Stored data:
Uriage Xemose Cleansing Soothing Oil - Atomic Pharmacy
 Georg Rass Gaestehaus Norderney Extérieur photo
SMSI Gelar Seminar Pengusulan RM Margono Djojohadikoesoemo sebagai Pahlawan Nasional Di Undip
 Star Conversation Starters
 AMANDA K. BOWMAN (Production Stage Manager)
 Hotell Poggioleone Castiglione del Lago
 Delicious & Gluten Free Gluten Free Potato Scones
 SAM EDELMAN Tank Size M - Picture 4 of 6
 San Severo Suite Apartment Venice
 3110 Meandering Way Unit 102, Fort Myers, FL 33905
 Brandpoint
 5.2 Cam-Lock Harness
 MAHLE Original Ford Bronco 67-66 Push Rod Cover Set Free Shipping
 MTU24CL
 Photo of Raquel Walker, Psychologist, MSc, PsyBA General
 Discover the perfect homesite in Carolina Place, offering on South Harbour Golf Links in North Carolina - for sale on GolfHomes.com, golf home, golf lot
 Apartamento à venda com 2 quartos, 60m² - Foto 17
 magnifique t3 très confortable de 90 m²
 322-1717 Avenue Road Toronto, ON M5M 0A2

Directions for this task: Print the first line of the records above and each line after it, exactly, through the line with "magnifique t3 très confortable de 90 m²".

Exercise result:
Uriage Xemose Cleansing Soothing Oil - Atomic Pharmacy
 Georg Rass Gaestehaus Norderney Extérieur photo
SMSI Gelar Seminar Pengusulan RM Margono Djojohadikoesoemo sebagai Pahlawan Nasional Di Undip
 Star Conversation Starters
 AMANDA K. BOWMAN (Production Stage Manager)
 Hotell Poggioleone Castiglione del Lago
 Delicious & Gluten Free Gluten Free Potato Scones
 SAM EDELMAN Tank Size M - Picture 4 of 6
 San Severo Suite Apartment Venice
 3110 Meandering Way Unit 102, Fort Myers, FL 33905
 Brandpoint
 5.2 Cam-Lock Harness
 MAHLE Original Ford Bronco 67-66 Push Rod Cover Set Free Shipping
 MTU24CL
 Photo of Raquel Walker, Psychologist, MSc, PsyBA General
 Discover the perfect homesite in Carolina Place, offering on South Harbour Golf Links in North Carolina - for sale on GolfHomes.com, golf home, golf lot
 Apartamento à venda com 2 quartos, 60m² - Foto 17
 magnifique t3 très confortable de 90 m²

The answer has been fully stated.